The spectrum I(κ, T) of a theory T counts the number of non-isomorphic models of T of cardinality κ. Vaught's conjecture (still open) states that for countable theories, I(ℵ₀, T) is either countable or ℵ₁. The spectrum determines much about the theory: stable theories have controlled spectrum growing polynomially, while unstable theories can have wild spectra.
Compute spectrum for simple theories: the theory of dense linear orders has I(ℵ₀, T) = 1. Study how spectrum changes under theory extensions.
You know from the Löwenheim-Skolem theorems that a complete first-order theory with an infinite model has models of every infinite cardinality. This raises a finer question: how many non-isomorphic models does the theory have of each cardinality? The answer, encoded in the spectrum I(κ, T), turns out to be a remarkably sensitive invariant of the theory — a kind of fingerprint that reflects its logical complexity.
The spectrum function I(κ, T) counts non-isomorphic models of T of cardinality κ. For a given uncountable cardinal κ, the possible values of I(κ, T) are severely constrained: it must be 0 (no model of that size), 1 (exactly one up to isomorphism — categoricity), or 2^κ (the maximum). These are the only possibilities for uncountable cardinals — there is no middle ground. Morley's theorem (a landmark result in model theory) shows that if T is categorical in some uncountable cardinal, it is categorical in all uncountable cardinals. This "all or nothing" behavior at uncountable cardinals has no analogue at ℵ₀.
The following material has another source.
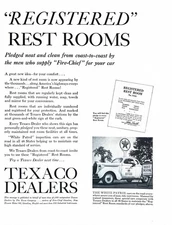 1938 TEXACO DEALERS GASOLINE Genuine Vintage Print Ad Registered Rest Rooms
The countable case is far richer and more mysterious. I(ℵ₀, T) — the number of countable models up to isomorphism — can be 1, n (for small n), ℵ₀, or 2^ℵ₀. Vaught's conjecture (1961, still open) asserts it cannot be exactly ℵ₁ — the number of countable models of a complete countable theory is either at most ℵ₀ or exactly 2^ℵ₀. The conjecture has been verified for many special classes of theories (ω-stable theories, certain expansions of linear orders), but the general case remains one of the deepest open problems in mathematical logic. The conjecture is striking because ℵ₁ is the "obvious" intermediate value between ℵ₀ and 2^ℵ₀, and the conjecture says this obvious value is forbidden.
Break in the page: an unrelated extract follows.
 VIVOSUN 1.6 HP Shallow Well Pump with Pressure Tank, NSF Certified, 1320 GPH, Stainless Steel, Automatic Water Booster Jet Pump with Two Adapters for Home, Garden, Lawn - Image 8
The spectrum connects to stability theory: a theory is stable if, roughly, its models do not have too many types. Stable theories have tightly controlled spectra — at uncountable cardinals the number of models is bounded by a polynomial in the cardinal's cofinality. Unstable theories can have spectrum I(κ, T) = 2^κ at many cardinals, the maximum. Stability is not just a counting statement — it reflects deep combinatorial properties of the models (order properties, definability of types, existence of prime models). The spectrum is thus the observable output of a much richer theory about how models of a theory can differ from one another.